1971 reduzierte Mifa die Zahl der produzierten 28"-Tourenräder gegenüber dem Vorjahr deutlich (1970: 70.340 Stück, 1971: 29.900 Stück). Für 1972 sah der Plan nur noch 3.240 28"-Tourenräder vor, für 1973 dann deren vollständige Produktionseinstellung. Offenbar wollte der VEB Mifa durch den Wegfall der im Verkauf preiswerten 28"-Tourenräder und die erhöhte Produktion von besser ausgestatteten und damit teureren 26"-Tourensporträder die vorgeschriebenen Planauflagen (Wert der Warenproduktion und Gewinn) erfüllen. Damit verstieß man jedoch gegen die politischen Beschlüsse zur Preisstabilität, die auch die Bereitstellung von Produkten der unteren Preisgruppen (hier in Form der einfachen 28"-Tourenräder) vorsah. Die "Arbeiter- und Bauerninspektion" (eine Kontrollinstitution, die dem Zentralkomitee der SED und dem Ministerrat der DDR unterstellt war und die Erfüllung der Partei- und Regierungsbeschlüsse sichern sollte) untersuchte den Fall. Durch den Generaldirektor der VVB Automobilbau, Winfried Sonntag, wurde schließlich entschieden, dass ab Mai 1972 an Stelle der 28"-Tourenräder 26"-Tourenräder produziert werden sollten. Die 26"-Räder sollten die gleichen Preise wie die 28"-Räder und die gleichen, z.T. auch besseren "Gebrauchswerteigenschaften" aufweisen. Für 1972 war nur noch die Produktion von 2.240 Stück 28"-Tourenrädern und bereits von 17.000 Stück 26"-Tourenrädern vorgesehen.

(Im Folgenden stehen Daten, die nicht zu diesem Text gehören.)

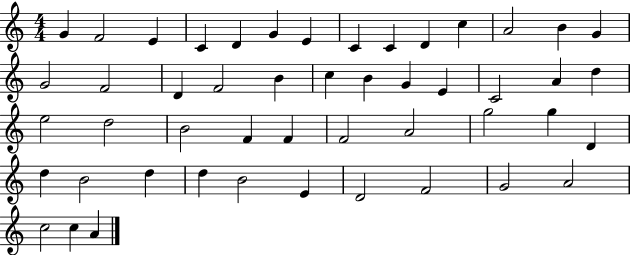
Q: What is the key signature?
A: C major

In diesem Zusammenhang wurden die 28"-Tourenräder durch die 26"-Typen 107 und 159 ersetzt. In einem Mifa-Katalog des Jahres 1971 tauchten die 28"-Tourenräder letztmalig auf. Auch in internen Produktionsunterlagen von ca. 1975 findet sich kein Hinweis auf die Produktion des Modells 152 oder 101, sie werden im Produktionsplan nicht erwähnt. Tatsächlich muss die Fertigung jedoch fortgesetzt worden sein. Belegexemplare der Modelle 101 und 152 sind bis zum Jahr 1979 hin bekannt. Sie sind jedoch erheblich seltener als damalige 26"-Tourensporträder, was auf eher geringe Stückzahlen schließen lässt. Offensichtlich war man intern bemüht, eine bestehende Angebotslücke zu füllen, da zu dieser Zeit keine 28"-Touren(-sport)räder erhältlich waren. Sehr ungewöhnlich ist jedoch, dass diese langjährige Fortsetzung der Produktion inoffiziell erfolgte. Über die Gründe ist nichts bekannt. Die Angebotslücke wurde schließlich 1979/80 durch Einführung der 28"-Tourensportradmodelle 104 und 162 geschlossen, was den Belegexemplaren nach die endgültige Einstellung der Produktion der "klassischen" 28"-Tourenräder zufolge hatte. Das derzeit jüngste bekannt gewordene Exemplar hat die Rahmennummer 4 240 969 und besitzt bereits das überarbeitete Chromfolien-Dekor mit schwarzer Schrift.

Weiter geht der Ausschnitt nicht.